The third abstract that I selected that might also have some implication right now, on Monday, going back to our clinic, is called the RIGHT choice study. Historically, we thought that patients with metastatic breast cancer that have aggressive subtypes, meaning they have visceral crisis, compromised organs and so forth. We felt like instead of giving them endocrine therapy plus the target therapy, we should be treating them with chemotherapy. This study was made to challenge that, so they randomized patients to chemotherapy versus endocrine therapy, plus a CDK4/6 inhibitor, and they found that using endocrine therapy plus a CDK4/6 inhibitor is better than using chemotherapy. Those patients had better outcomes when they compared to chemotherapy, and better response rates to that endocrine therapy plus CDK4/6 inhibitor. So, this is something that has implication right away for our treatment paradigm.
The last abstract that I want to highlight, it's also something that we can start using the first day back to clinic is called the POSITIVE trial.
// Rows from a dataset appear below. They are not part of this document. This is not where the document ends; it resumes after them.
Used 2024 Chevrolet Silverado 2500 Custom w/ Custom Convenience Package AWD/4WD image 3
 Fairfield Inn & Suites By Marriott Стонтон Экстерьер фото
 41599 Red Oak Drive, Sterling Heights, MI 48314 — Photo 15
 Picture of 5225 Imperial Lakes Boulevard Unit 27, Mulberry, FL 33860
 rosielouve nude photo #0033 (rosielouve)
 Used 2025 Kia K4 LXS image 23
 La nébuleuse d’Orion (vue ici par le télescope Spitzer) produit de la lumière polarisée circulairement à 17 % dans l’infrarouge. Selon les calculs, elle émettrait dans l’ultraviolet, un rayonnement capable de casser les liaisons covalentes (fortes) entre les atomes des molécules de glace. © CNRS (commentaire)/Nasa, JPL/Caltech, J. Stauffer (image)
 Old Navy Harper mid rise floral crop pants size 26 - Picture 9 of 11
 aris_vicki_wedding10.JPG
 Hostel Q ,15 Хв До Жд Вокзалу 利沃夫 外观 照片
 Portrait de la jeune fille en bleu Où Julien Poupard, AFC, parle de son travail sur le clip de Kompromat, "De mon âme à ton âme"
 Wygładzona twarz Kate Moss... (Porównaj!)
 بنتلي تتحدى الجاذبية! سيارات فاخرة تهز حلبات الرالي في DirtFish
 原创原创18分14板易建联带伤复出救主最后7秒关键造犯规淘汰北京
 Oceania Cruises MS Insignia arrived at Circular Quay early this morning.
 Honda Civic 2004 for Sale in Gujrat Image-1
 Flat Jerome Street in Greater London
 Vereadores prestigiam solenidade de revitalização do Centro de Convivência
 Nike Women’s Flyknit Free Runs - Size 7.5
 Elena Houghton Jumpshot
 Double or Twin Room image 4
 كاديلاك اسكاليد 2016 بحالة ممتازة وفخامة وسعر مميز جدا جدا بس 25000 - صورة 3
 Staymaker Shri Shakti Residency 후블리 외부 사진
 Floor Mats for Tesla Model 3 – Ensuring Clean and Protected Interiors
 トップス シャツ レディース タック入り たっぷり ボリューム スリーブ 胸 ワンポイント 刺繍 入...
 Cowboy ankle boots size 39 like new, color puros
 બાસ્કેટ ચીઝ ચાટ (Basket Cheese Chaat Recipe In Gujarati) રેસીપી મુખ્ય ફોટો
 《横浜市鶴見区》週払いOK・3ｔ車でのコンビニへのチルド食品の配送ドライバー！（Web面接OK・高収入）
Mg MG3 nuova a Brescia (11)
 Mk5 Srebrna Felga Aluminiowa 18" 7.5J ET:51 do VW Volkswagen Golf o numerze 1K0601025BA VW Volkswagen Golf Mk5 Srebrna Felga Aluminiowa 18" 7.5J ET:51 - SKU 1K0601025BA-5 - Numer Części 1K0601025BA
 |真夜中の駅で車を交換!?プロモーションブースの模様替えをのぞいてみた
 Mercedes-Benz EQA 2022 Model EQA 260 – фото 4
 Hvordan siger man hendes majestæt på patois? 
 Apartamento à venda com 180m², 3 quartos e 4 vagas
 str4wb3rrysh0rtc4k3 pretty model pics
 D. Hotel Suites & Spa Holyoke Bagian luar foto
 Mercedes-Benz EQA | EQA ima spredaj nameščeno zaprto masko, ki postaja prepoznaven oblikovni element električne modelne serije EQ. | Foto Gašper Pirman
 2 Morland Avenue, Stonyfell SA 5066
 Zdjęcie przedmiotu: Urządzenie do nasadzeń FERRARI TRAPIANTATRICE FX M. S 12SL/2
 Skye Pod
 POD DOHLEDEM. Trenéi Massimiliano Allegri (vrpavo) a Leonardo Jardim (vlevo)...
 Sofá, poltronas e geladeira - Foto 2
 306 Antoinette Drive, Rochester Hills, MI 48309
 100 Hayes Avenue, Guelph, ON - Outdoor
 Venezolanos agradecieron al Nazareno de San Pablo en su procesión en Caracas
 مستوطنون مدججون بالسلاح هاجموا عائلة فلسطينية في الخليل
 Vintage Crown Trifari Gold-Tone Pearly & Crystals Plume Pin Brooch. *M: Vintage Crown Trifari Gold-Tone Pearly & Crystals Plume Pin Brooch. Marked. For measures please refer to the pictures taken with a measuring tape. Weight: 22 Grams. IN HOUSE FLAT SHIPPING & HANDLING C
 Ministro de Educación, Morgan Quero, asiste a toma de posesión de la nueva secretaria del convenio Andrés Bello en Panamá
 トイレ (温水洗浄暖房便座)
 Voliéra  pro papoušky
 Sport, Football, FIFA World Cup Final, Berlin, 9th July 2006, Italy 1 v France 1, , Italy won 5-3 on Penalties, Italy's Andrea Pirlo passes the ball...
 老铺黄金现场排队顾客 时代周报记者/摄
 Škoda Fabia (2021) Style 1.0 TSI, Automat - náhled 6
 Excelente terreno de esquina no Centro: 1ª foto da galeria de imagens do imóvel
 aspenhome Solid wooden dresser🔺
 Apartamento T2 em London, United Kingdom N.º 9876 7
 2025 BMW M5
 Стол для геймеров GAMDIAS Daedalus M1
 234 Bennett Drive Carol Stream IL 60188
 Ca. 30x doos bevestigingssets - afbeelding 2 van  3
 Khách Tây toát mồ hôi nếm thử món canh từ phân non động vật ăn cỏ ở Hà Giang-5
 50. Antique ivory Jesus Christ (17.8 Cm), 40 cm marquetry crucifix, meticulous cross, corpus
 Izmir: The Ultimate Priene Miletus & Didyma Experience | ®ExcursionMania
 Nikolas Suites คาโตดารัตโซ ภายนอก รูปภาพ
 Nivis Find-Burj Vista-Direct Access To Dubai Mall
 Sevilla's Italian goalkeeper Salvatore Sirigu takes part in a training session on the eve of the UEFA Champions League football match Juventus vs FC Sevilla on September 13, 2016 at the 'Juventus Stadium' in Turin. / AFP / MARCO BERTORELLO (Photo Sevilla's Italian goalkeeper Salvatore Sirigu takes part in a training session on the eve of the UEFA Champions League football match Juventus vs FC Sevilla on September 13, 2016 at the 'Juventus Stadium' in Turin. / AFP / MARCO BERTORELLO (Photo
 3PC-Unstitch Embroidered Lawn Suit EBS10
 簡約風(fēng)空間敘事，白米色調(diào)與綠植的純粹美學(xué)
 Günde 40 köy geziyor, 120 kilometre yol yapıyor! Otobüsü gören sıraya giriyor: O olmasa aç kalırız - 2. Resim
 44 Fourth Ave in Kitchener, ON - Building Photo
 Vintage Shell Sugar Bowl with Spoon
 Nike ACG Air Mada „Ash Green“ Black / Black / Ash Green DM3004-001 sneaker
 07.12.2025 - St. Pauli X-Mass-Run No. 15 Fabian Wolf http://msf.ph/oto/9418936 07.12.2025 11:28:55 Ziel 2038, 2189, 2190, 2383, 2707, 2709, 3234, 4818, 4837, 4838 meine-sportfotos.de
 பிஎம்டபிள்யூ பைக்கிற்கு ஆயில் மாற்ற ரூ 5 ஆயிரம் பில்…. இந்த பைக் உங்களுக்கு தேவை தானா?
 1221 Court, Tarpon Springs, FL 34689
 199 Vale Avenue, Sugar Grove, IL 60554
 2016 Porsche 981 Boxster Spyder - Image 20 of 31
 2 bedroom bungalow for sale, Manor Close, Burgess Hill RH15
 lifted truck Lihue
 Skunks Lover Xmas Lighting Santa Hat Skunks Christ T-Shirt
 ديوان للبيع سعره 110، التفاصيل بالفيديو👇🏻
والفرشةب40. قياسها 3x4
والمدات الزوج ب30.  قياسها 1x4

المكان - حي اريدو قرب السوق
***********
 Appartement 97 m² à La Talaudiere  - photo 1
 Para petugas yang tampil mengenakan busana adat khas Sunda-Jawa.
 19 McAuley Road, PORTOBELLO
This study looked at two things: first, was the outcomes of patients that are premenopausal that are on endocrine therapy that want to interrupt briefly their endocrine therapy to get pregnant. So, they looked at their outcomes when they interrupt this endocrine therapy. The other thing they looked at is whether it's safe and the outcome of the pregnancy. Although the study showed a short-term follow-up; however, it seems to be a safe thing to do, meaning that we can interrupt endocrine therapy for a short period of time. In the study they looked at two years of interruption, where the patient was allowed to stop the treatment she's on in order to get pregnant and deliver a baby. They found that the outcomes on the baby, again, a short-term and follow-up, but it seems to be safe.
This is very exciting. A lot of patients ask us, "Is it safe for me to stop the endocrine therapy and get pregnant?" Now we have at least some data that says that, at least in the short-term, it is safe. Of course, the study will need long-term follow-up, and, in the future, we will get better data on whether it's safe in the long run. Thank you very much.
Oncology Data Advisor: Thank you, Dr. Mouabbi. That's great information. Thank you so much for updating us and giving us this great information.
Dr. Mouabbi: Thank you.
About Dr. Mouabbi
Jason Mouabbi, MD, is an Assistant Professor in the Department of Breast Medical Oncology at The University of Texas MD Anderson Cancer Center, where his research focuses on the management of breast cancer subtypes and their impact on treatment, with specific specialization and interest in lobular breast cancer. Dr. Mouabbi has been the recipient of multiple honors and awards, including the Guiding Researchers and Advocates to Scientific Partnerships (GRASP) Advocate Choice Award in 2022 and the Lester & Sue Smith Breast Cancer Award of Excellence in 2021.
Transcript edited for clarity. Any views expressed above are the speaker's own and do not necessarily reflect those of Oncology Data Advisor.